Click here for a PDF of the Downtown Heritage Park Study Report.

Over the past fifteen years, Walla Walla County and the City of Walla Walla have experienced significant economic growth in tourism. In particular, that growth can be credited to the rapid expansion of a relatively young and now world renowned wine industry. The small town ambiance, the appeal of the culinary experience, the rejuvenation of the downtown, the sightseeing and outdoor recreation, art, history and museums, three colleges and, and the overall quality of life, also play important roles in Walla Walla’s success. However, few will disagree that the growth of the 120 wineries has basically put Walla Walla on the map.

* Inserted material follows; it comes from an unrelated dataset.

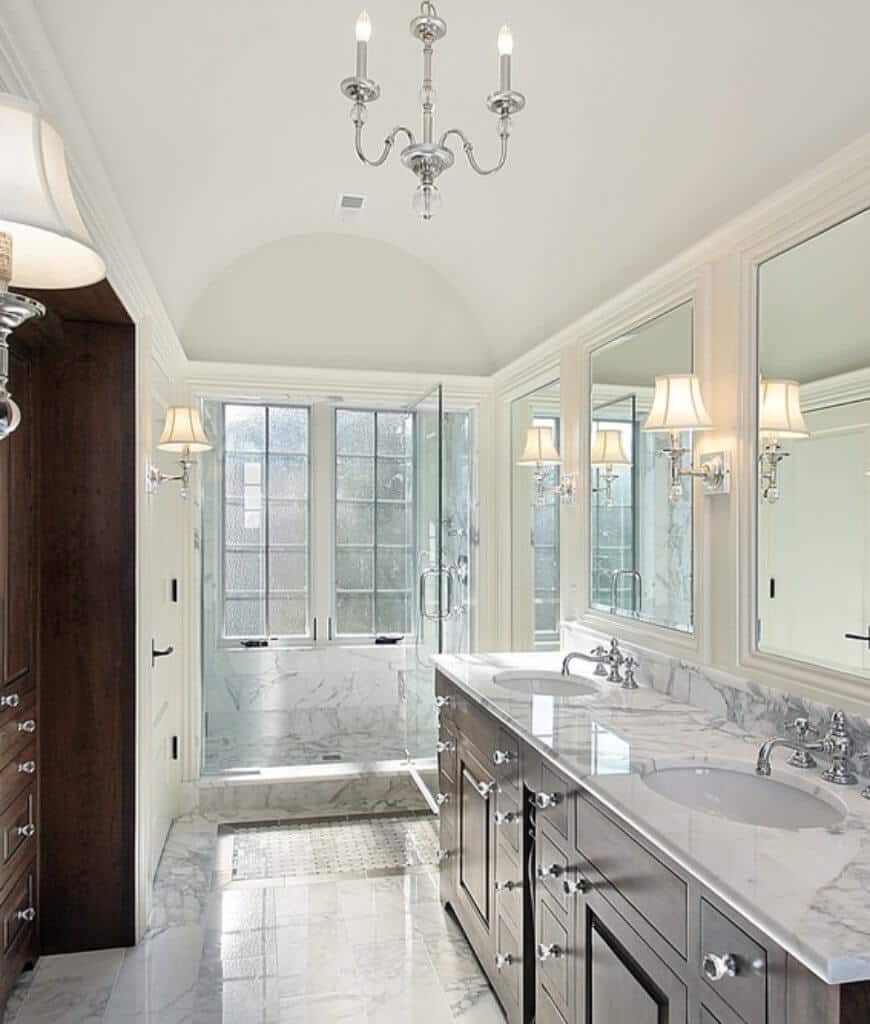 这间主浴室设有步入式淋浴间和双水槽梳妆台，带有装有玻璃旋钮的深色木橱柜。它有一个大理石台面，与地板和墙壁相匹配，形成一种有凝聚力的外观。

Wine tourism by itself is now estimated to bring in well over $100 million to the local economy.  While the focal point and key beneficiary of wine tourism has been the over 120 wineries in the Valley, wine tourism has also meant a doubling in lodging revenues and the significant expansion of culinary businesses, the arts, and retail shopping.  Even during the five-year period from 2008 to 2013, when much of the U.S. suffered significant downturns and economic hardship, the Walla Walla Valley maintained relative stability and overall long-term economic growth.

Although the City of Walla Walla’s economy is a shining example of small town and rural economic success, the community’s pride in its quality of life and prosperity has been somewhat tarnished in recent years by homelessness, gang activity, substance abuse, and growing mental health issues.  During the summers of 2013 and 2014, the city started to show signs of some of the ills faced by large cities throughout the U.S., including gang shootings, panhandling, public drug use and drunkenness. Some are now concerned that the City of Walla Walla’s economic prosperity and growing social issues will clash.  These social issues have not only become more obvious to local residents, but appear to now be noticed by some visitors who have travelled long distances to Walla Walla to experience the City’s much talked about high quality of life and small town ambience.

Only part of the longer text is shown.